### Stored data entries
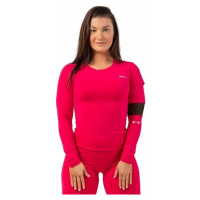 Nebbia Long Sleeve Smart Pocket Sporty Top Pink Fitness tričko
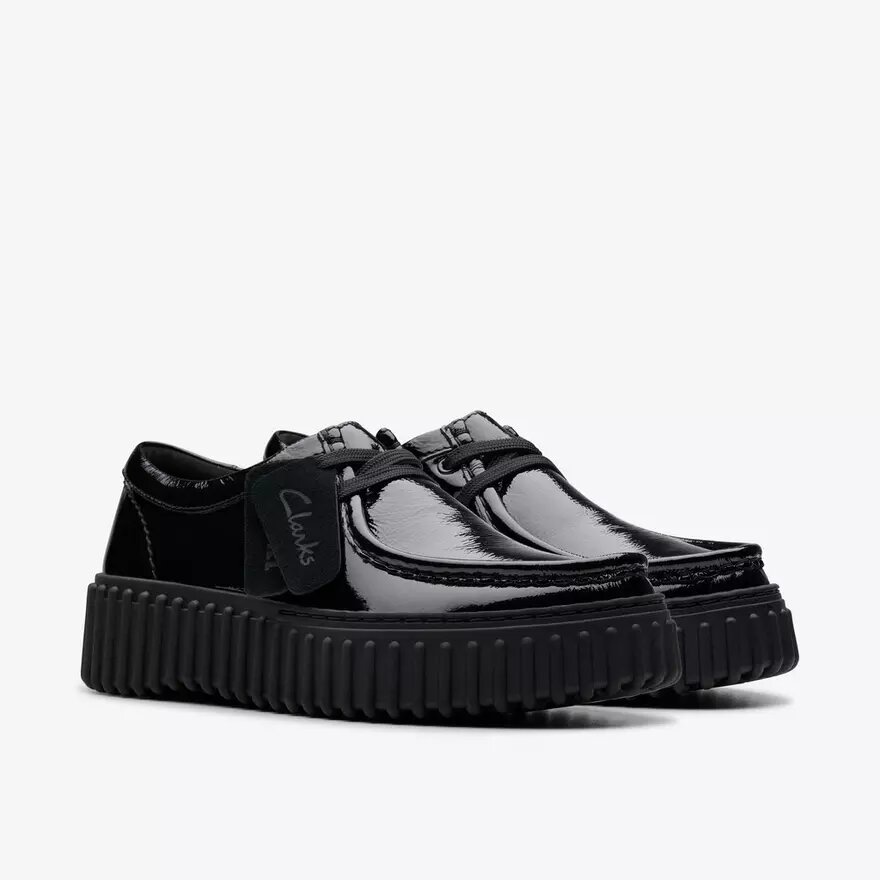 Torhill Bee für Damen, schwarz, Lackleder, Wallabee Torhill Bee für Damen, schwarz, Lackleder, Wallabee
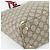 Borsa Tote GUCCI GG Supreme PVC Beige Oro 415721 Auth 181621 D'oro - vista 14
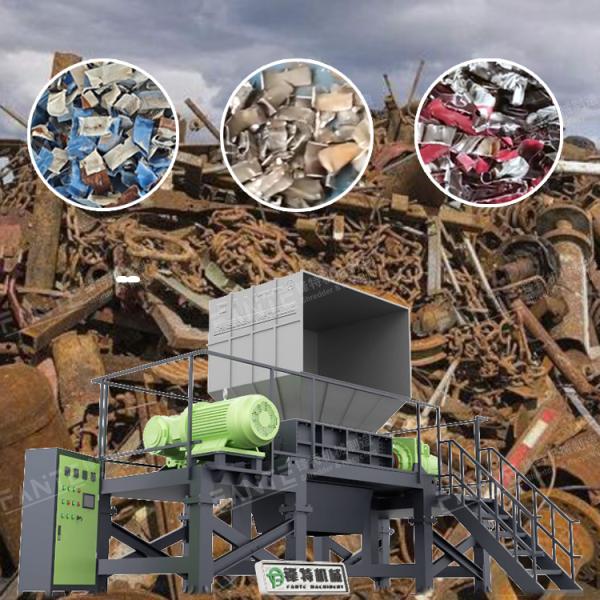 Metal Scrap Shredder Machines for Metal Recycling Scrap Metal Crusher Machine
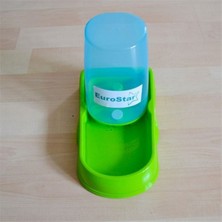 Özbience Otomatik Su Kabı, 3 Lt, Yeşil, Evcil Hayvanlar Için Pratik ve Şık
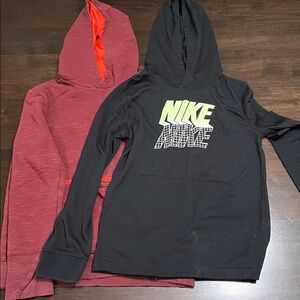 Nike Black Thick Long Sleeve with Logo - Plus an Extra!!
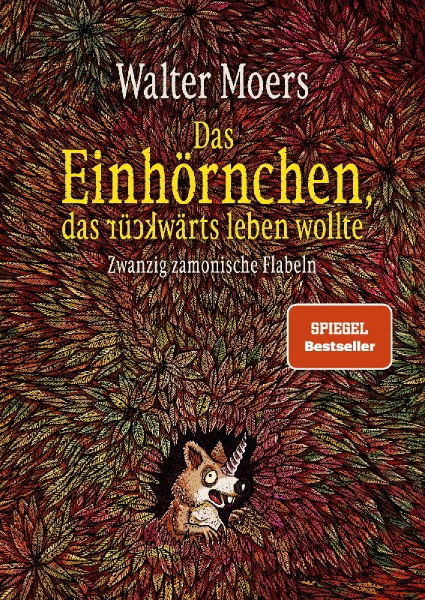 Buchcover und Innenansicht für das Buch: Das Einhörnchen, das rückwärts leben wollte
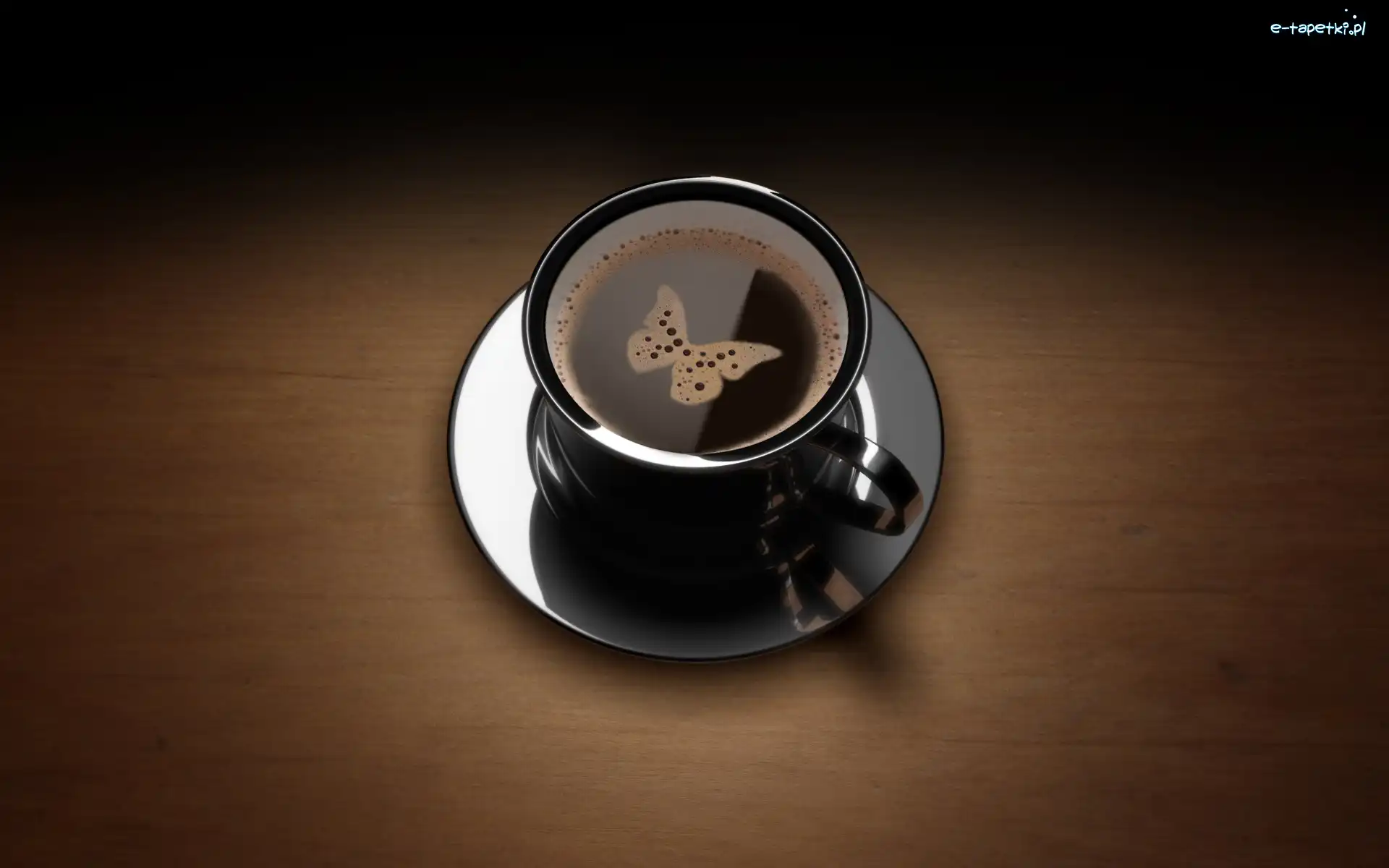 Motyl, Filiżanka, Kawa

### ACTIVITY
Copy out the records exactly. Do not include the pictures.

### ANSWER TO THE PROBLEM
 Nebbia Long Sleeve Smart Pocket Sporty Top Pink Fitness tričko
 Torhill Bee für Damen, schwarz, Lackleder, Wallabee Torhill Bee für Damen, schwarz, Lackleder, Wallabee
 Borsa Tote GUCCI GG Supreme PVC Beige Oro 415721 Auth 181621 D'oro - vista 14
 Metal Scrap Shredder Machines for Metal Recycling Scrap Metal Crusher Machine
 Özbience Otomatik Su Kabı, 3 Lt, Yeşil, Evcil Hayvanlar Için Pratik ve Şık
 Nike Black Thick Long Sleeve with Logo - Plus an Extra!!
 Buchcover und Innenansicht für das Buch: Das Einhörnchen, das rückwärts leben wollte
 Motyl, Filiżanka, Kawa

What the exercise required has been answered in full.